*** Opening of Provided data ***

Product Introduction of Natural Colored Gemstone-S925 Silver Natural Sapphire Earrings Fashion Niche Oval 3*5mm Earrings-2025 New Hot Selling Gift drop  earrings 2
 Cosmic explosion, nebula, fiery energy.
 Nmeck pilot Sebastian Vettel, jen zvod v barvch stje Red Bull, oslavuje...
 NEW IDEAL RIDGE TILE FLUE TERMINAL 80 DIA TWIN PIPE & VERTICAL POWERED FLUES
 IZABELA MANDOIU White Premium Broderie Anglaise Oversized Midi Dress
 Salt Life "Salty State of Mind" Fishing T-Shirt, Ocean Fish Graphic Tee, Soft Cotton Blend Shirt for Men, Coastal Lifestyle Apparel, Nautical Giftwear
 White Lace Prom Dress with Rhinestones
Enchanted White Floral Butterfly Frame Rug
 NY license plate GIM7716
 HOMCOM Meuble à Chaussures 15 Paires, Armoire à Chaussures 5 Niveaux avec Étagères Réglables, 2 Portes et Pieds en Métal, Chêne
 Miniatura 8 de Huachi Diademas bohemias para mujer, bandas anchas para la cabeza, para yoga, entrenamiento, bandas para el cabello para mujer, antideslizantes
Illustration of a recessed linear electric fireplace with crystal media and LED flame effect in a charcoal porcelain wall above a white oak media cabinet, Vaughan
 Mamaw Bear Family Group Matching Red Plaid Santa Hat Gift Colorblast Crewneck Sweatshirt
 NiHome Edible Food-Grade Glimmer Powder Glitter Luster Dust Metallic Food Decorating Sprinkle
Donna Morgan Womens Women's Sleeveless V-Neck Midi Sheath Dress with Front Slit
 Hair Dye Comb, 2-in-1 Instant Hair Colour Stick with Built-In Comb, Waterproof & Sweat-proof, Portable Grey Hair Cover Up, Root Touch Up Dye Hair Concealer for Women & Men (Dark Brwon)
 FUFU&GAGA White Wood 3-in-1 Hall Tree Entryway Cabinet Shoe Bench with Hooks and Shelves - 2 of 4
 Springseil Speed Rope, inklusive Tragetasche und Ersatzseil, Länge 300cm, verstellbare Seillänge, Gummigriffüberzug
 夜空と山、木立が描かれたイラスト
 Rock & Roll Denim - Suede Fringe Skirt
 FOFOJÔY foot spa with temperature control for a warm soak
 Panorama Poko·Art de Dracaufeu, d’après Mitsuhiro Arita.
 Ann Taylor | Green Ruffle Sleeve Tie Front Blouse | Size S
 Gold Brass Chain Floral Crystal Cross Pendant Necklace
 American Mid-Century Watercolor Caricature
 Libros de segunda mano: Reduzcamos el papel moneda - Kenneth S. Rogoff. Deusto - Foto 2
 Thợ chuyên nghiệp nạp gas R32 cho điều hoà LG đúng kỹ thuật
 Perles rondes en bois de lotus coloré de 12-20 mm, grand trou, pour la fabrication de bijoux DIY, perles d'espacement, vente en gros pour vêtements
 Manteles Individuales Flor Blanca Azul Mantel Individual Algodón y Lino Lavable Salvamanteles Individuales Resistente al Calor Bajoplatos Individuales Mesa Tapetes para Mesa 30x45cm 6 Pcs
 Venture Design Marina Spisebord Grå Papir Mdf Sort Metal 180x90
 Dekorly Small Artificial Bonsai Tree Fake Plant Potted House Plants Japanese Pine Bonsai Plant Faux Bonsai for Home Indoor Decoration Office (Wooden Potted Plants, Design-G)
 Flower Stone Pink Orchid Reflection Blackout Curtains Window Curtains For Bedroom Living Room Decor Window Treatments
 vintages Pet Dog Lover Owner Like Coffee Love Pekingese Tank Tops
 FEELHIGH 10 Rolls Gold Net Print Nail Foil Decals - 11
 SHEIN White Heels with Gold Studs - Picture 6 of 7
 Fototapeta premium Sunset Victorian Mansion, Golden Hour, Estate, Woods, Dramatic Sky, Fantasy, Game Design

*** Close of Provided data ***

* [About this task] Reproduce the data in full. Nothing in it may be altered.

* [Result for this task]
Product Introduction of Natural Colored Gemstone-S925 Silver Natural Sapphire Earrings Fashion Niche Oval 3*5mm Earrings-2025 New Hot Selling Gift drop  earrings 2
 Cosmic explosion, nebula, fiery energy.
 Nmeck pilot Sebastian Vettel, jen zvod v barvch stje Red Bull, oslavuje...
 NEW IDEAL RIDGE TILE FLUE TERMINAL 80 DIA TWIN PIPE & VERTICAL POWERED FLUES
 IZABELA MANDOIU White Premium Broderie Anglaise Oversized Midi Dress
 Salt Life "Salty State of Mind" Fishing T-Shirt, Ocean Fish Graphic Tee, Soft Cotton Blend Shirt for Men, Coastal Lifestyle Apparel, Nautical Giftwear
 White Lace Prom Dress with Rhinestones
Enchanted White Floral Butterfly Frame Rug
 NY license plate GIM7716
 HOMCOM Meuble à Chaussures 15 Paires, Armoire à Chaussures 5 Niveaux avec Étagères Réglables, 2 Portes et Pieds en Métal, Chêne
 Miniatura 8 de Huachi Diademas bohemias para mujer, bandas anchas para la cabeza, para yoga, entrenamiento, bandas para el cabello para mujer, antideslizantes
Illustration of a recessed linear electric fireplace with crystal media and LED flame effect in a charcoal porcelain wall above a white oak media cabinet, Vaughan
 Mamaw Bear Family Group Matching Red Plaid Santa Hat Gift Colorblast Crewneck Sweatshirt
 NiHome Edible Food-Grade Glimmer Powder Glitter Luster Dust Metallic Food Decorating Sprinkle
Donna Morgan Womens Women's Sleeveless V-Neck Midi Sheath Dress with Front Slit
 Hair Dye Comb, 2-in-1 Instant Hair Colour Stick with Built-In Comb, Waterproof & Sweat-proof, Portable Grey Hair Cover Up, Root Touch Up Dye Hair Concealer for Women & Men (Dark Brwon)
 FUFU&GAGA White Wood 3-in-1 Hall Tree Entryway Cabinet Shoe Bench with Hooks and Shelves - 2 of 4
 Springseil Speed Rope, inklusive Tragetasche und Ersatzseil, Länge 300cm, verstellbare Seillänge, Gummigriffüberzug
 夜空と山、木立が描かれたイラスト
 Rock & Roll Denim - Suede Fringe Skirt
 FOFOJÔY foot spa with temperature control for a warm soak
 Panorama Poko·Art de Dracaufeu, d’après Mitsuhiro Arita.
 Ann Taylor | Green Ruffle Sleeve Tie Front Blouse | Size S
 Gold Brass Chain Floral Crystal Cross Pendant Necklace
 American Mid-Century Watercolor Caricature
 Libros de segunda mano: Reduzcamos el papel moneda - Kenneth S. Rogoff. Deusto - Foto 2
 Thợ chuyên nghiệp nạp gas R32 cho điều hoà LG đúng kỹ thuật
 Perles rondes en bois de lotus coloré de 12-20 mm, grand trou, pour la fabrication de bijoux DIY, perles d'espacement, vente en gros pour vêtements
 Manteles Individuales Flor Blanca Azul Mantel Individual Algodón y Lino Lavable Salvamanteles Individuales Resistente al Calor Bajoplatos Individuales Mesa Tapetes para Mesa 30x45cm 6 Pcs
 Venture Design Marina Spisebord Grå Papir Mdf Sort Metal 180x90
 Dekorly Small Artificial Bonsai Tree Fake Plant Potted House Plants Japanese Pine Bonsai Plant Faux Bonsai for Home Indoor Decoration Office (Wooden Potted Plants, Design-G)
 Flower Stone Pink Orchid Reflection Blackout Curtains Window Curtains For Bedroom Living Room Decor Window Treatments
 vintages Pet Dog Lover Owner Like Coffee Love Pekingese Tank Tops
 FEELHIGH 10 Rolls Gold Net Print Nail Foil Decals - 11
 SHEIN White Heels with Gold Studs - Picture 6 of 7
 Fototapeta premium Sunset Victorian Mansion, Golden Hour, Estate, Woods, Dramatic Sky, Fantasy, Game Design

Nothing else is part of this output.